WHAT TO PRODUCE
One line in the listing below contains "Method and Device". Repeat that line and each line after it exactly, ending with the last one.

PROVIDED ENTRIES
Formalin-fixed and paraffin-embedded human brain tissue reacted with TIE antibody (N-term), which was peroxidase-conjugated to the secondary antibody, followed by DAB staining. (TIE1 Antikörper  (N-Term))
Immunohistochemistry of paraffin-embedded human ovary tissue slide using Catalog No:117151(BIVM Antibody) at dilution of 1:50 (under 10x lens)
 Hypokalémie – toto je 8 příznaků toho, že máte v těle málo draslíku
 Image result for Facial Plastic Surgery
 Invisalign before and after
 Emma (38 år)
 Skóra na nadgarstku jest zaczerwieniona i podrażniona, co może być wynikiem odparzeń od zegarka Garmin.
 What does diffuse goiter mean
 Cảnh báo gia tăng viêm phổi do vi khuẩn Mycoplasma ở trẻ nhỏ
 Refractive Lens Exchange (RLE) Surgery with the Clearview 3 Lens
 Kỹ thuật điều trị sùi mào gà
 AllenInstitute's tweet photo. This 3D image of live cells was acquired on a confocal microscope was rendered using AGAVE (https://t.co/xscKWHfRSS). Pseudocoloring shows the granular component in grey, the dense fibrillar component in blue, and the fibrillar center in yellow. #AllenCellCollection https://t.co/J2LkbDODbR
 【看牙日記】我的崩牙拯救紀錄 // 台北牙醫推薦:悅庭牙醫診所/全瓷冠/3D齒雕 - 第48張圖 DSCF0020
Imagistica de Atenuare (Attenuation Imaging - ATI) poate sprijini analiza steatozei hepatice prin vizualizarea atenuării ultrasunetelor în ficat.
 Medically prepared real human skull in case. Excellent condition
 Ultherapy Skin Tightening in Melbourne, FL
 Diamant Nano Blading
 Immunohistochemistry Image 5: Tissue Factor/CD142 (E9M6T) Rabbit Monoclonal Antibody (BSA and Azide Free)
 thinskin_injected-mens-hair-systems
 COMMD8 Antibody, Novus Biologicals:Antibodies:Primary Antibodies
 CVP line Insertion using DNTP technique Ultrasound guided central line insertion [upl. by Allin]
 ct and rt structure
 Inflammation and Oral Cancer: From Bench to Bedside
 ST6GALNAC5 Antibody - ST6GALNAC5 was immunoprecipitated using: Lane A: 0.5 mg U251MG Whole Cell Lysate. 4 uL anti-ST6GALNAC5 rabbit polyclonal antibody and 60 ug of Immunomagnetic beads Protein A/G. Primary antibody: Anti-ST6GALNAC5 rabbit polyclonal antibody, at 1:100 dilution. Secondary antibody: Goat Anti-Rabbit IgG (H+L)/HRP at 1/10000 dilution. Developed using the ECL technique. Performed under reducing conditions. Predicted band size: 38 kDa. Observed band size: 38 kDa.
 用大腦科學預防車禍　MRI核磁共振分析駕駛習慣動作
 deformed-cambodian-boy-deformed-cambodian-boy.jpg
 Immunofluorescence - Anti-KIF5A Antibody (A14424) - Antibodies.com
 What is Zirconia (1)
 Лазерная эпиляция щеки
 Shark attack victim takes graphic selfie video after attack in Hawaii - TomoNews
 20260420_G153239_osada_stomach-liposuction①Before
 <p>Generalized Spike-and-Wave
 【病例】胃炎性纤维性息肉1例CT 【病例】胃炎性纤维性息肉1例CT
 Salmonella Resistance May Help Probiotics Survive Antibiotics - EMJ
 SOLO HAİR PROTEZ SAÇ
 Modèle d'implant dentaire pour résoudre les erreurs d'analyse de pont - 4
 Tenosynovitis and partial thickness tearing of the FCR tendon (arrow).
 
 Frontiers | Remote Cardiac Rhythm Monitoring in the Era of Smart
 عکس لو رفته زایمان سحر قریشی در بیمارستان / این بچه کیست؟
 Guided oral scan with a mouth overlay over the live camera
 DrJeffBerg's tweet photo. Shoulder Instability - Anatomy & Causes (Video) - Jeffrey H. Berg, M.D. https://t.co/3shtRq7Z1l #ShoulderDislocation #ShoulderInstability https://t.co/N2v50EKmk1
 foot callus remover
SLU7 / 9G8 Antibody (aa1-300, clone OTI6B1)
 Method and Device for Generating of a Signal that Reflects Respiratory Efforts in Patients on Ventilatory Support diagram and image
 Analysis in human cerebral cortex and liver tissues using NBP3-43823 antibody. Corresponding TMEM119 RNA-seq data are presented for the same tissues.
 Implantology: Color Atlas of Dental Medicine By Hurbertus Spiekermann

ANSWER TO THE PROBLEM
 Method and Device for Generating of a Signal that Reflects Respiratory Efforts in Patients on Ventilatory Support diagram and image
 Analysis in human cerebral cortex and liver tissues using NBP3-43823 antibody. Corresponding TMEM119 RNA-seq data are presented for the same tissues.
 Implantology: Color Atlas of Dental Medicine By Hurbertus Spiekermann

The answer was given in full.